Your assignment
Make an exact copy of the records below, excluding images.
Provided records section start
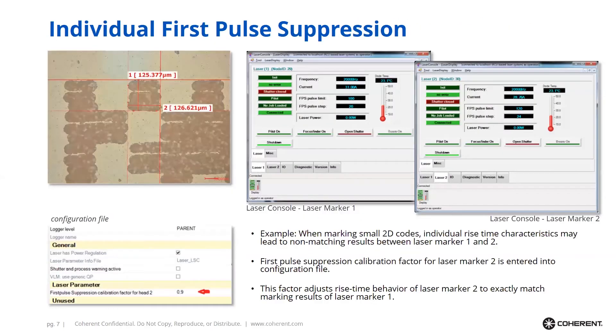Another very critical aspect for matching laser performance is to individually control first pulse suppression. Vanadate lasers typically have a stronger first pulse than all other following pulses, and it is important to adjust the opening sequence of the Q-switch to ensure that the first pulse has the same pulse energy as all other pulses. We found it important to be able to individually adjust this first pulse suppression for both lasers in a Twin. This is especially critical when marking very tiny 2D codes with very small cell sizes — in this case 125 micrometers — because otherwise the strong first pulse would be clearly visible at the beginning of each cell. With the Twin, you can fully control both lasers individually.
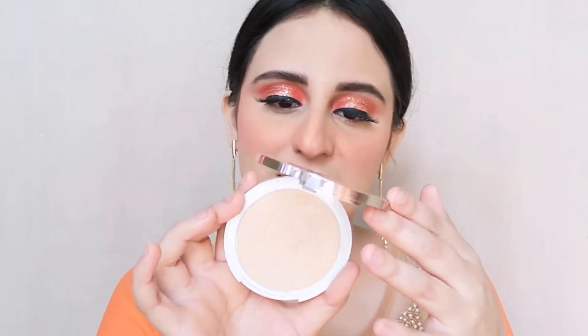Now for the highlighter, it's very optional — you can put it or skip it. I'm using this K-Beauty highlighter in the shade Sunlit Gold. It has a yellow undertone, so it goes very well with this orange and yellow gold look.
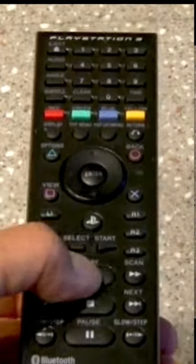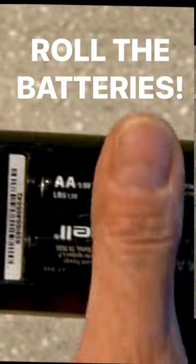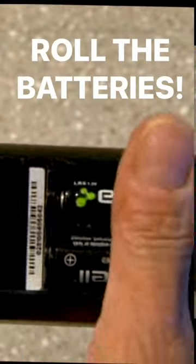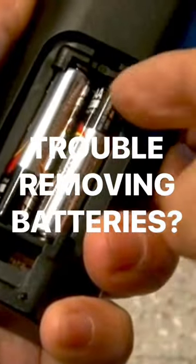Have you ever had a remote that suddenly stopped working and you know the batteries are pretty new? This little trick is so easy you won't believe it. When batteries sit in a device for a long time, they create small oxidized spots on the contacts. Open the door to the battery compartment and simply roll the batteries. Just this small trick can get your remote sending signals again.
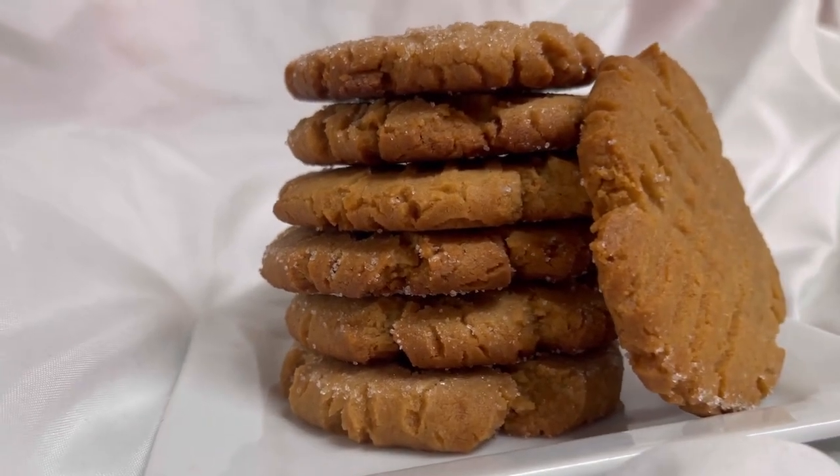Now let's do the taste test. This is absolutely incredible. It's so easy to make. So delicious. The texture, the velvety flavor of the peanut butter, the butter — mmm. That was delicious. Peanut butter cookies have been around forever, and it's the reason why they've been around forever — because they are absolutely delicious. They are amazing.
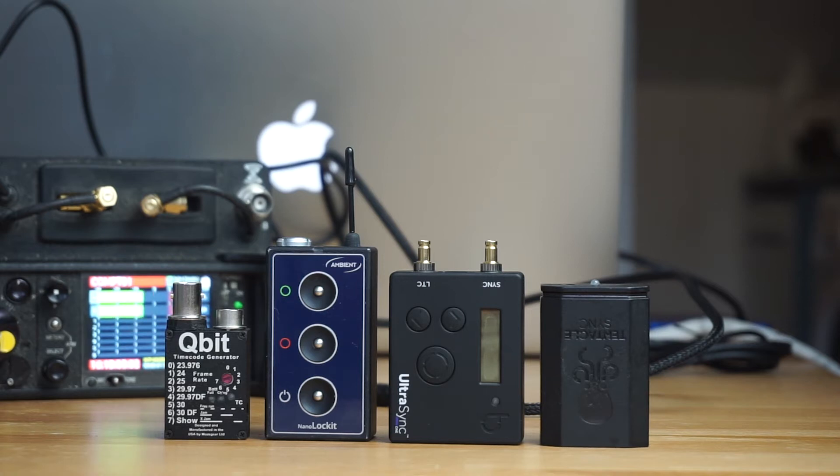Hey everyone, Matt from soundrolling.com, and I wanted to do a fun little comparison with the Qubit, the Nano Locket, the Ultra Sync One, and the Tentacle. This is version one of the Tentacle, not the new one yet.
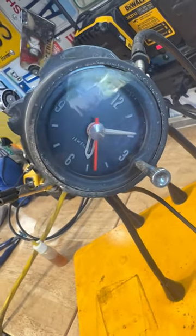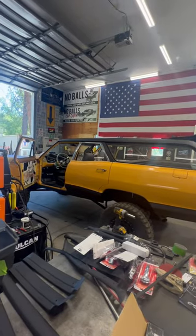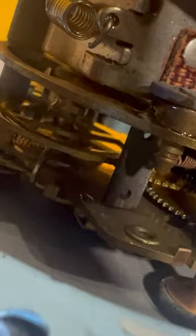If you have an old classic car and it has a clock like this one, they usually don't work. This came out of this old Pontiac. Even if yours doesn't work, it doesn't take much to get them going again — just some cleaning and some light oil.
Provided records section end
Solution for this problem
Another very critical aspect for matching laser performance is to individually control first pulse suppression. Vanadate lasers typically have a stronger first pulse than all other following pulses, and it is important to adjust the opening sequence of the Q-switch to ensure that the first pulse has the same pulse energy as all other pulses. We found it important to be able to individually adjust this first pulse suppression for both lasers in a Twin. This is especially critical when marking very tiny 2D codes with very small cell sizes — in this case 125 micrometers — because otherwise the strong first pulse would be clearly visible at the beginning of each cell. With the Twin, you can fully control both lasers individually.
Now for the highlighter, it's very optional — you can put it or skip it. I'm using this K-Beauty highlighter in the shade Sunlit Gold. It has a yellow undertone, so it goes very well with this orange and yellow gold look.
Have you ever had a remote that suddenly stopped working and you know the batteries are pretty new? This little trick is so easy you won't believe it. When batteries sit in a device for a long time, they create small oxidized spots on the contacts. Open the door to the battery compartment and simply roll the batteries. Just this small trick can get your remote sending signals again.
Now let's do the taste test. This is absolutely incredible. It's so easy to make. So delicious. The texture, the velvety flavor of the peanut butter, the butter — mmm. That was delicious. Peanut butter cookies have been around forever, and it's the reason why they've been around forever — because they are absolutely delicious. They are amazing.
Hey everyone, Matt from soundrolling.com, and I wanted to do a fun little comparison with the Qubit, the Nano Locket, the Ultra Sync One, and the Tentacle. This is version one of the Tentacle, not the new one yet.
If you have an old classic car and it has a clock like this one, they usually don't work. This came out of this old Pontiac. Even if yours doesn't work, it doesn't take much to get them going again — just some cleaning and some light oil.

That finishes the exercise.